小さいころ、病気で命が危なかった(らしい)時に、夢で見た。
その夢のあとで、カイシャンの病気は治ったのだ。(命懸けで治療してくれたのは桂花だ
ったのだけれど。)
あの時は、夢の中で 風に乗って空からおりてきて、怒ったような困ったような顔で、
カイシャンに何かを言っていた。
普通なら、怖いと思うのだろうけど、なぜか少しも怖くなかった。
とても きれいだ と思ったからかもしれない。
桂花と同じ、紫色の瞳だったからかもしれない。
(・・・・・もう一度 逢いたい )
カイシャンの夢の中に現れる、不思議な、―――人。
(・・・夢の中で 逢えるなら――― )
「カイシャン様―――」
名を呼ばれて振り向けば、桂花と馬空が馬を並べてこちらに向かってきている。桂花の
髪が草原の光で金の色に光る。
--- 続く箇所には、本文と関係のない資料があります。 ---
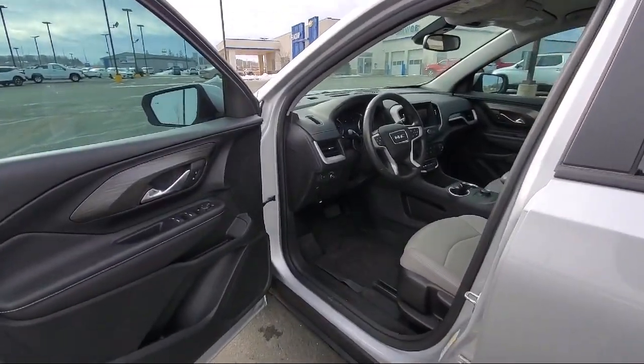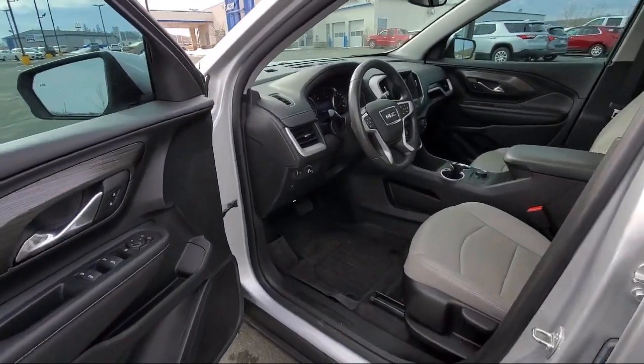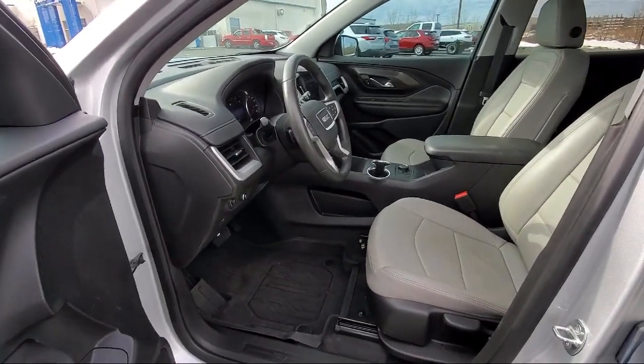Cross Traffic Alert, Sirius XM Satellite Radio, and has less than 10,000 miles on the odometer.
馬空が馬上で大きく手を振っている。
バヤンがカイシャンのそばを離れ、二人の方へ行きながら何か言っている。
馬を下りた二人が、バヤンとともにカイシャンの方を見て笑った。
「・・・・・」
―――桂花がいて バヤンがいて 馬空がいる みんないる。 魔物が入る隙間なんて
ない。
(・・・でも、夢の中で 逢えるなら――― )
心の中でバヤンに謝りながら、今年生まれた仔馬のたてがみに お守りをそっと結びつ
けてやると、カイシャンは三人の待つほうへ笑って駆けだした。